The domain of architecture specification lends itself to first-order, imperative languages with some common features. Scattered functions define each of their clauses separately: encoding, decoding, and execution behaviour of a particular instruction can be grouped together, enhancing readability and modularity. Strong typing enables early error-detection, and type inference reduces the need for type annotations.

**ASL.** ASL is the Arm-internal architecture specification language. Its initial objective was to reduce errors in the informal pseudocode found in Arm documentation by providing parsing and type-checking [45,50]. The language has since evolved and is now in extensive use within Arm. Its type system supports lightweight dependent typing: bit vector widths can depend on values, but bounds-safe bit vector accesses are not enforced. A built-in "undefined" value models architecturally unknown values, and an exception-handling mechanism streamlines specification of error cases.

**Sail.** The Sail language [2] and ecosystem is actively developed by the Rigorous Engineering of Mainstream Systems (REMS) project. The language effectively supports a superset of ASL to permit automatic translation from ASL [1]. A type-and-effect system ensures memory and register accesses are visible at the type level, and the lightweight dependent types of Sail are more expressive than those of ASL. In particular, bit vector accesses are statically bounds-checked, necessitating a flow-sensitive type system: bit vector width constraints are propagated according to program flow and discharged by the Z3 SMT solver.

Sail's ecosystem provides toolchains to translate from ASL to Sail, and from Sail to specifications in Coq and Lem, executable simulators in OCaml and C, and SMT formats. Lem in turn is a lightweight language for engineering reusable semantic models, inspired by both functional programming languages and proof assistants [33, 41]. Its ecosystem provides translations to HOL4 and Isabelle/HOL, amongst others.

### 20:4 Taming an Authoritative Armv8 ISA Specification

**L3.** L3 [15] is designed to manage the complexity of writing ISA specifications for use in theorem provers: previous work constructed verbose specifications directly in HOL4 [14, 17]. L3 targets HOL4 and Isabelle/HOL directly (rather than via Lem), and has a simpler type system than ASL and Sail, supporting bit vector width restrictions on declared function arguments only. This tight coupling with its backends produces streamlined definitions.

L3's extensive automation minimises the effort of specification-writing and maximises usability within its prover backends. Key features include: prioritisation of abstract syntax for instructions; simultaneous declaration of instruction syntax, encoding, and semantics; symmetric syntax for register reads/writes; and extensibly declarable architectural state.

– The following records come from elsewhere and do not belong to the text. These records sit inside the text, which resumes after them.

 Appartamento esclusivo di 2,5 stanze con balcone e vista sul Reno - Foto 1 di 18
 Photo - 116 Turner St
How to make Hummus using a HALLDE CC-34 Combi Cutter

Unofficial L3 specifications have been produced for many different architectures: Armv4 through to Armv8 (the latter AArch64 mode only), MIPS, x86 (core 64-bit mode instructions only), and RISC-V. The Armv7 specification in particular has been extensively validated against Arm hardware. To keep generated prover specifications idiomatic, L3 Arm specifications re-factor official ASL ones in certain key areas, e.g. preferring bit vectors to integers, sharing common logic where possible, and manually defining efficient instruction decoders.

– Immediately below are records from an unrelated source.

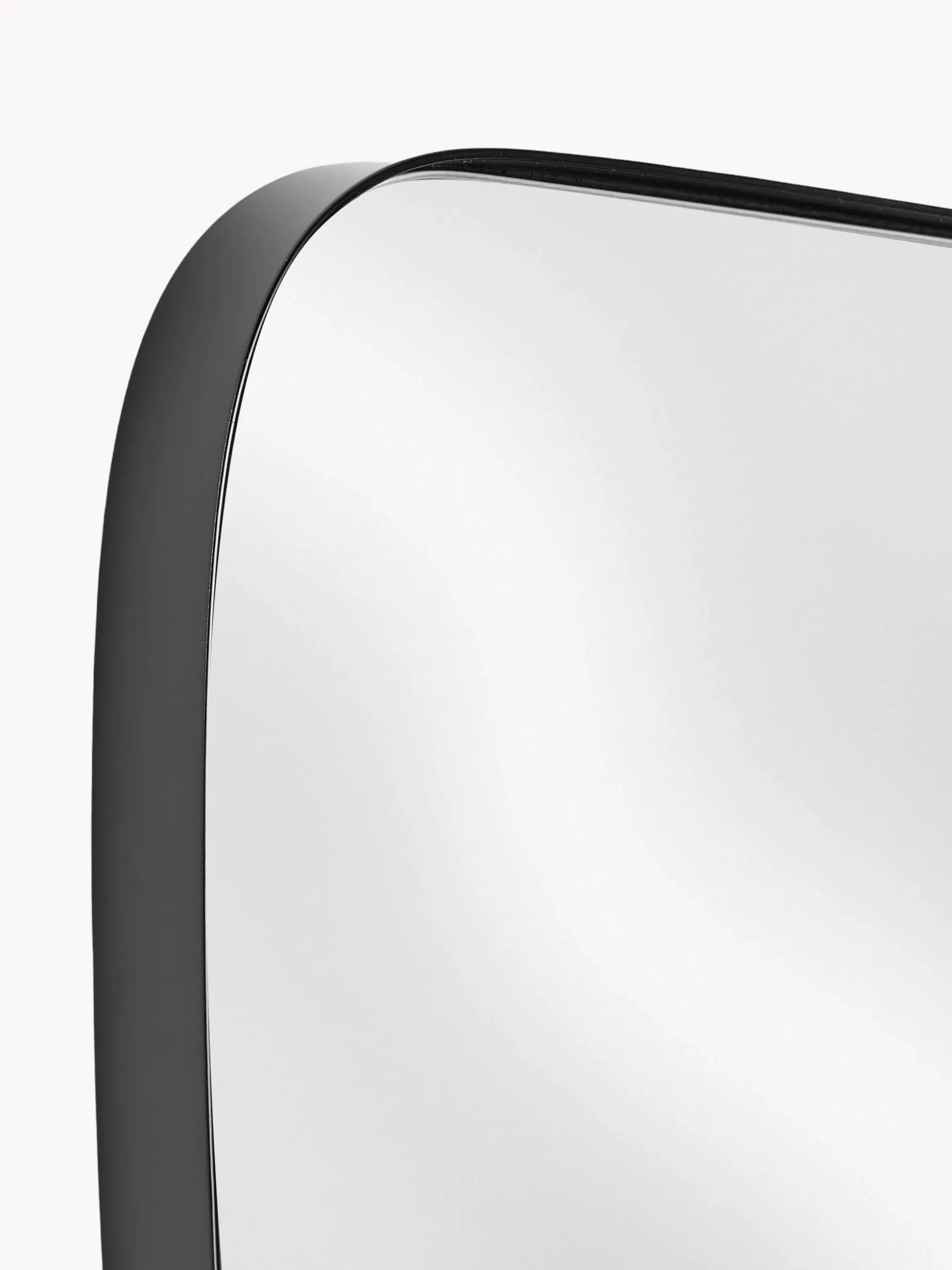 Specchio da parete dalla forma curva Oiva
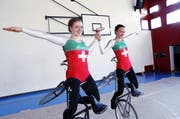 Die beiden Baarer Kunstradfahrerinnen Leana Hotz (links) und Flavia Schürmann trainieren für die EM in Baar. (Bild Werner Schelbert)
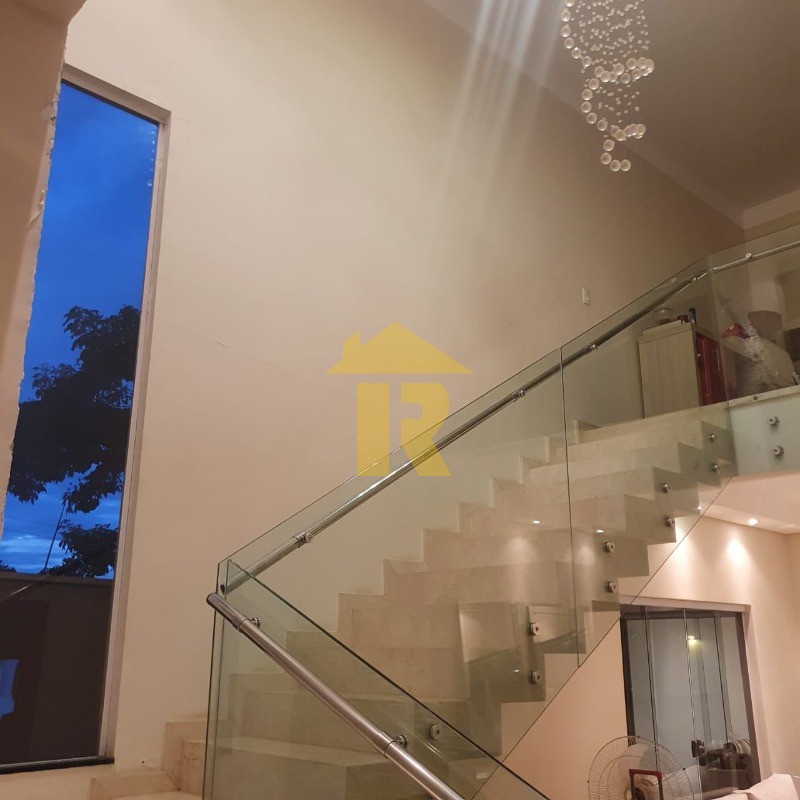 Casa de Condomínio com 3 quartos à venda, 240m² — foto 18 de 28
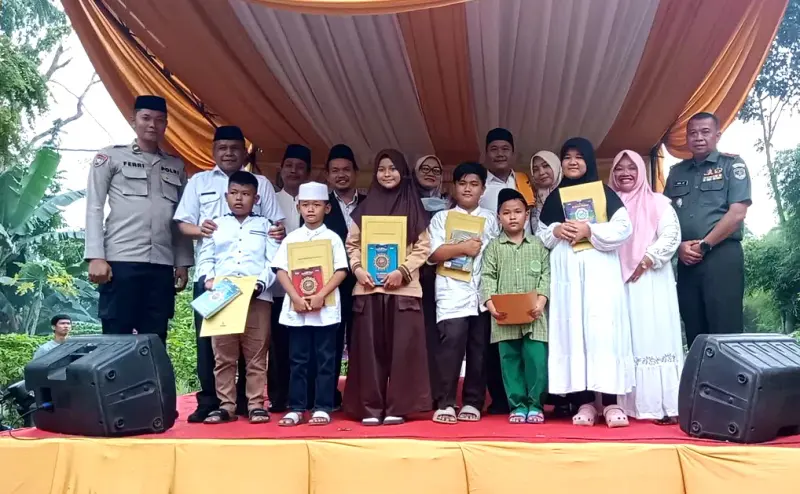 Gema Muharam 1445 H, 200 Anak Yatim di Kelurahan Parigi Baru Disantuni&nbsp;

# **3** Generating a HOL4 specification for Armv8

Our first step in proving against a HOL4 specification of Armv8 is to generate the specification from official ASL. We rely on the Sail ecosystem, but its design choices have important implications for the resulting specification. In this section we review the extraction process in more depth to aid reproducibility and better inform the rest of the paper. Our generated HOL4 specification is available in a public repository.

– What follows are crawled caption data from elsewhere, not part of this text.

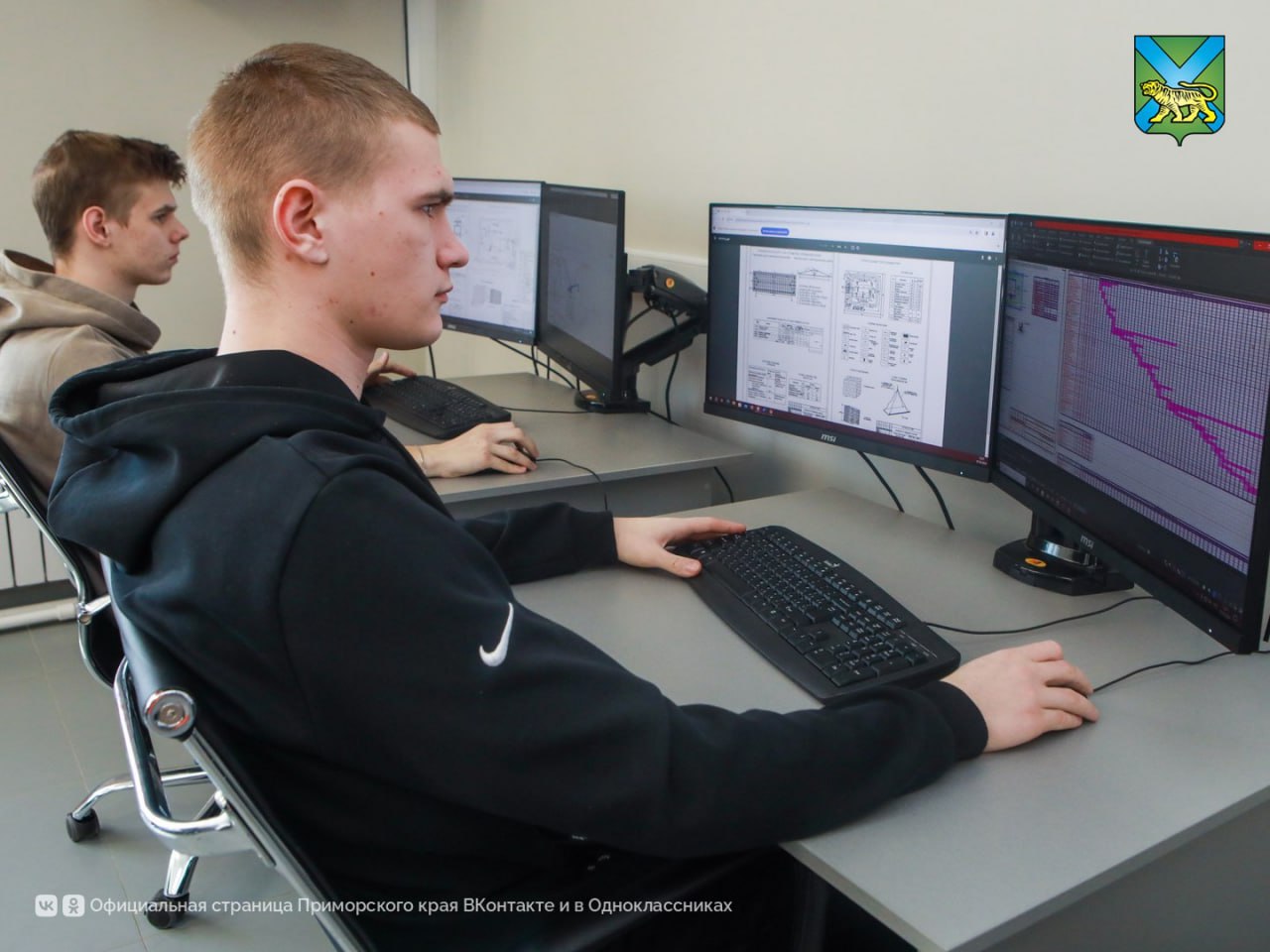 Получить новую профессию приморцы смогут в этом году благодаря нацпроекту Кадры Запланировано обучение жителей края по программам  профессионального обучения  дополнительного профессионального образования Планируется обучить 1  3  5  0   граждан отдельных категорий и 1  6  7   человек работников оборонно промышленного комплекса Мероприятия создаются службой занятости населения края при поддержке партпроекта Моя карьера с Единой Россией и направлены на обеспечение работодателей региона квалифицированными кадрами   Читайте новости первыми в нашем канале в Max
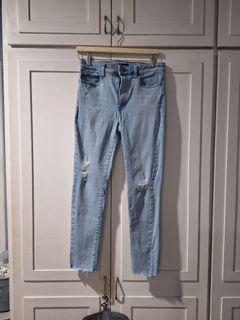 (Category: ) located in . Submitted by simplified_closetspace (Listing ID 1453833498, Image 1). Description: .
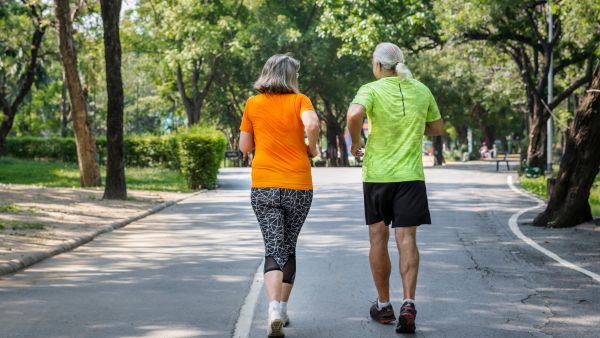 Best Sports for Elderly People in India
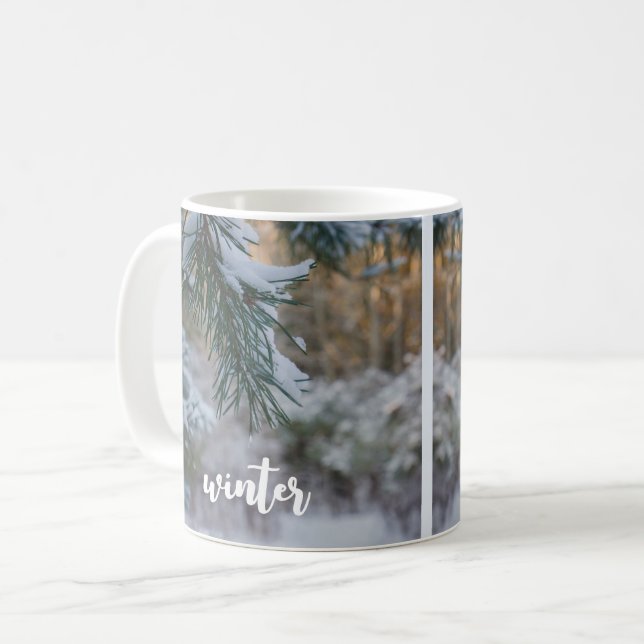 Taza De Café Ramas de pino cubiertas de nieve (Anverso izquierdo)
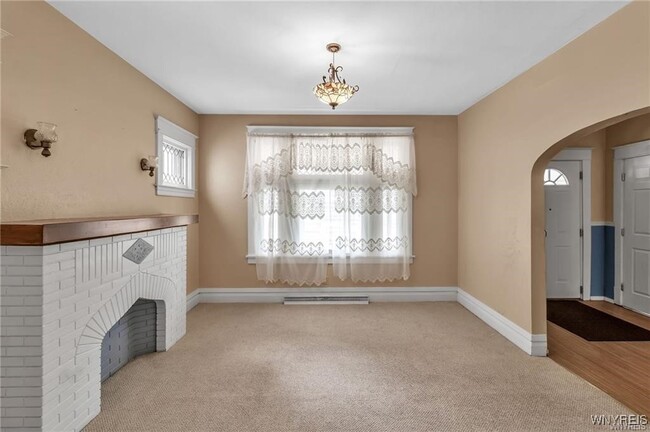 Photo - 120 Aldrich Pl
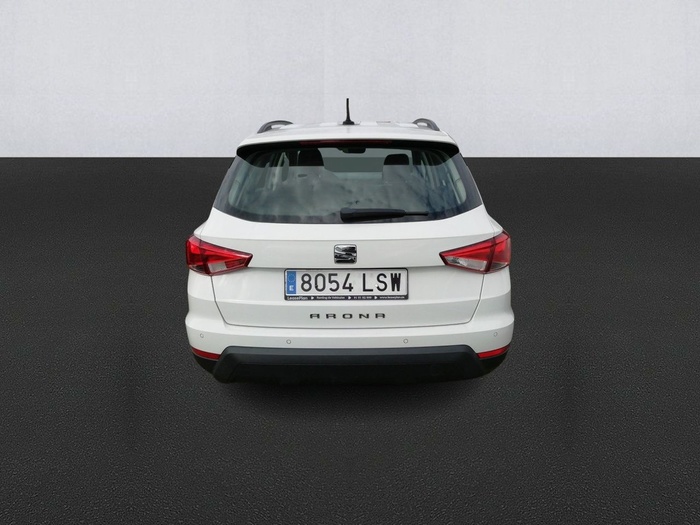 SEAT Arona 1.0 TSI Style Go2 81 kW (110 CV) Vehículo usado en Madrid SEAT Arona 1.0 TSI Style Go2 81 kW (110 CV) Vehículo usado en Madrid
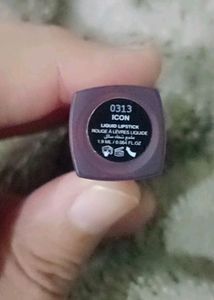 Huda Beauty Lipstick Icon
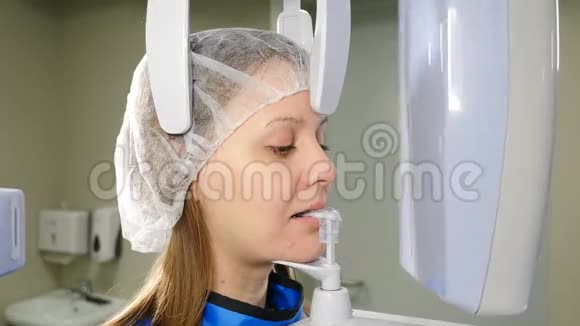 三维正射影像的医学程序拍摄一张病人牙齿的全景数字X光片年轻女子视频的预览图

The Sail ecosystem is under active development, and we believe we are the first to use a Sail-generated ISA specification for interactive proof in HOL4. The diagram below depicts the pipeline for translation from ASL to HOL4. At present, the process requires some manual intervention, and we are indebted to the Sail developers for helping navigate this space. We examine each stage in turn in the upcoming subsections.

$$ASL \xrightarrow{\texttt{asl_to_sail}} Sail \xrightarrow{\texttt{sail -lem}} Lem \xrightarrow{\texttt{lem -hol}} HOL4$$

### 3.1 ASL to Sail

The tool asl\_to\_sail<sup>1</sup> translates ASL specifications into Sail. It relies on ASLi ("ASL interpreter") [46] for parsing and type-checking of ASL. The MRA tools collection [47] can be used to extract the input ASL from public, XML-format specifications released by Arm. However, we simply use an ASL specification provided by Arm.

As Sail can be considered a superset of ASL, the translation is relatively naïve. Some optimisations are made, e.g. mutable assignments are turned into immutable let-bindings where possible. However, Sail's richer type system does not accept all ASL programs, so a degree of interactive patching is required. In these cases, asl\_to\_sail halts to request a patch, displaying the original ASL, generated Sail, and the failed typing derivation. The changes required are often straightforward restrictions to permit inference of tighter typing constraints. For example, lifting subexpressions to immutable let-bindings, or specialising

<sup>&</sup>lt;sup>1</sup> https://github.com/rems-project/asl\_to\_sail

type signatures with effect annotations or bit vector width restrictions. However, Sail's type derivation output can be difficult to understand without in-depth knowledge of the typechecker.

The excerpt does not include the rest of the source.